How it began
I was assigned a task to fix a “bug” in our code that was causing people to have to click a audio play button twice on mobile devices in order to get it to actually play. I started by looking at the code that handled playing the audio file. It looked fairly standared. It was a click event listener written in jQuery that looked something like:
element.on('click touchstart', function() {  // play audio  audio.src = 'example-audio-file.mp3';  audio.load();  audio.play();})I’m only a little familiar with the audio APIs, but right away I made a note to check if we were dealing with promises. Then, I started by setting a
breakpoint on and in the event listener handler so I could see the callstack and step through the code. Once I got into the handler, I confirmed that, yes,
the audio.play() method did return a promise. So, that wasn’t being handled correctly yet, but it shouldn’t cause the audio not to play. After stepping through
the handler a bit more, I didn’t notice anything that would cause the audio not to play. So, changed the handler to async and put the audio methods into a try/catch
block to see if I was getting any uncaught issues. I was.
NotAllowedError: The request is not allowed by the user agent or the platform in the current context, possibly because the user denied permission.
Using that error as a place to start from, I began Googling to see if others had run into the issue and what their fixes might have been. The “fixes” were all over the place. Some of the possible fixes included:
- Load the audio in one user interaction, then play it with a second interaction.
- Change the audio to be an ArrayBuffer.
- Set the autoplayandmutedattributes on the audio element to true, then pause and play the audio you want.
- Play silent audio that is Base64 encoded on initial user interaction (like scrolling), then when the play button is tapped, replace the source with the correct audio
- Add the playsinlineattribute to the audio element
- And much more…
I tried all of those with the exception of the ArrayBuffer and none of them totally solved my problem. The closest I was able to come was setting a new event listener on the window like this:
window.addEventListener('touchstart', (e) => {    const correctElementsToTarget = e.target.closest('.parent-class') || e.target.closest('.other-parent-class');    if (!correctElementsToTarget) return;
    audio.muted = true;    audio.play().then(() => audio.pause());    audio.muted = false;
    // ...});This very hacky fix would activate when the user touched the screen in the general area of the audio player, but do so silently so it was ready when the actual play
button was pressed.

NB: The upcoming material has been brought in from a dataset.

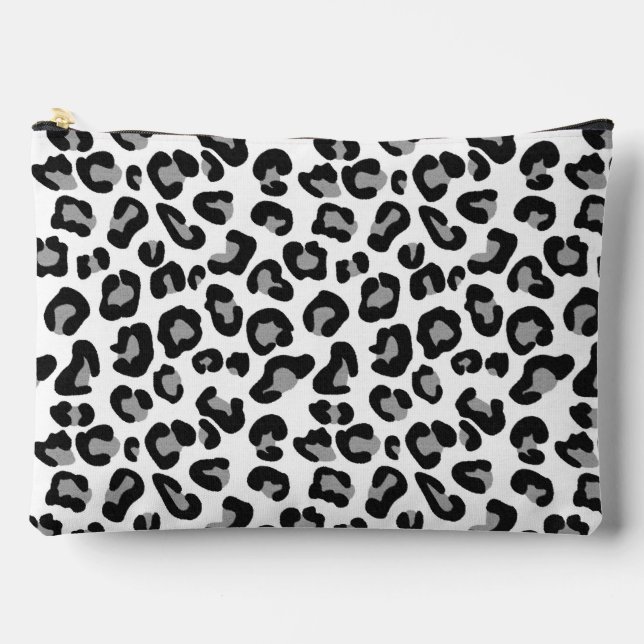 Leopard Print in Black and White with Grey Accessory Pouch (Front)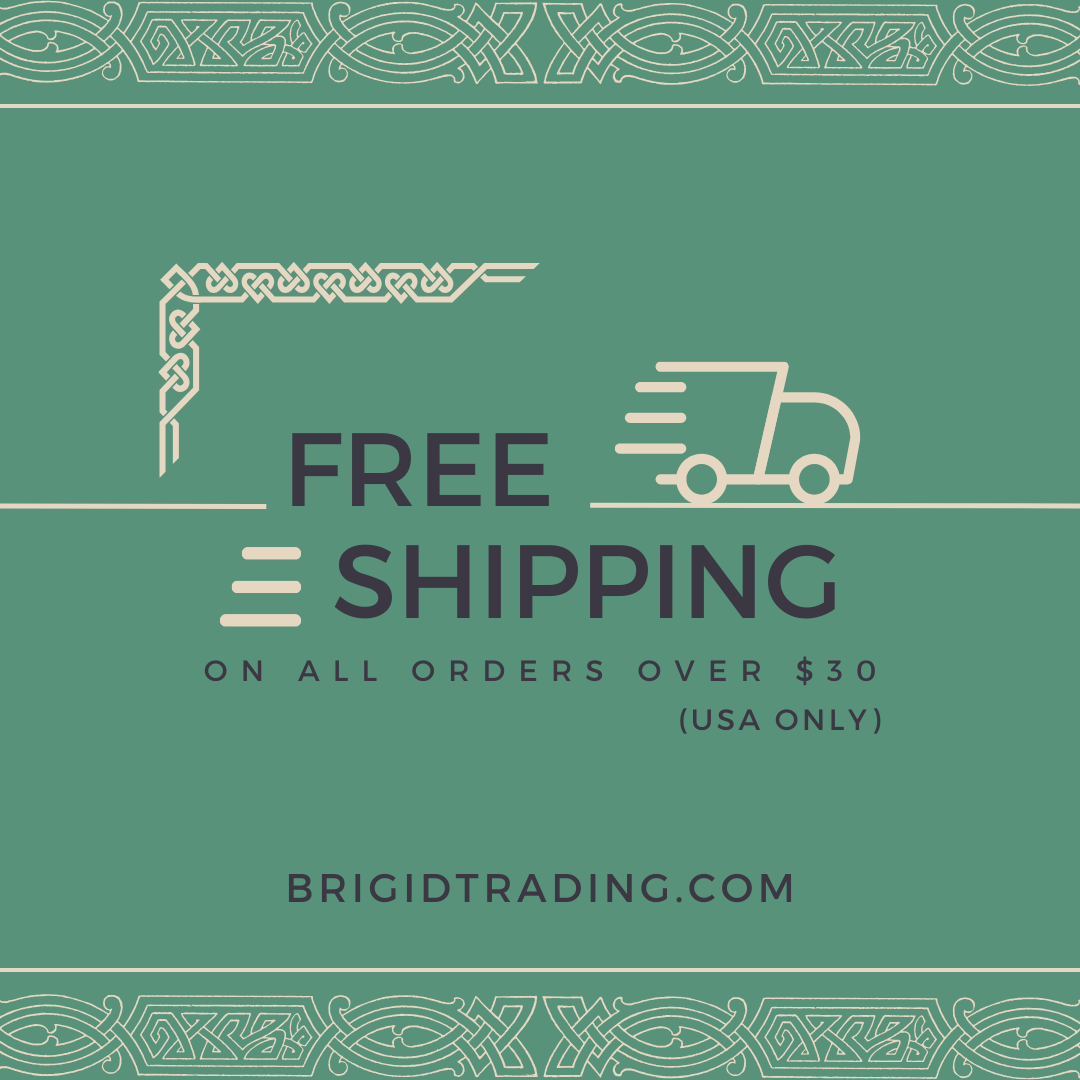 Free shipping promotional card with BRIGIDTRADING.COM text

This was not great and I knew it. It was a temporary bandaid. So, I continued to look at the problem, trying different things, but I would
always get that NotAllowedError which made no sense since the audio api wasn’t being called until the touchstart event was fired. That was surely a user interaction
and should qualify as such… right?
NOPE.
After trying all these other methods, I started to look at the actual event that was being triggered. So, I refined my Googling to include user interaction and touchstart.
Within a few minutes I came across this article: https://webkit.org/blog/13862/the-user-activation-api/. A little ways into it I came across this:
 
As you can see, touchstart isn’t considered a trusted user interaction. Only touchend. I was cautiously optimistic, but I wanted to double check, so I consulted the HTML
spec as well: https://html.spec.whatwg.org/#activation-triggering-input-event. Sure enough, the blog was right:
 
I went back to my code and replaced all the instances of touchstart with touchend, removed the hacky code, and pushed it to dev. I pulled out my phone and
et voilà! It was working. Tried it in Safari… worked. Chrome… worked. iPad.. worked in both browsers I tested with. I was bemused to say the least. But, that’s how
it often goes in programming. You search high and low for a solution. Nothing seems to work. No one seems to have any answers, then you find out it’s something so
simple - a semicolon out of place, a typo, or in this case, a user interaction event that wasn’t trusted. A bug that turned out to be a feature.
I hope this blog helps someone avoid the same headaches I had while trying to figure this one out.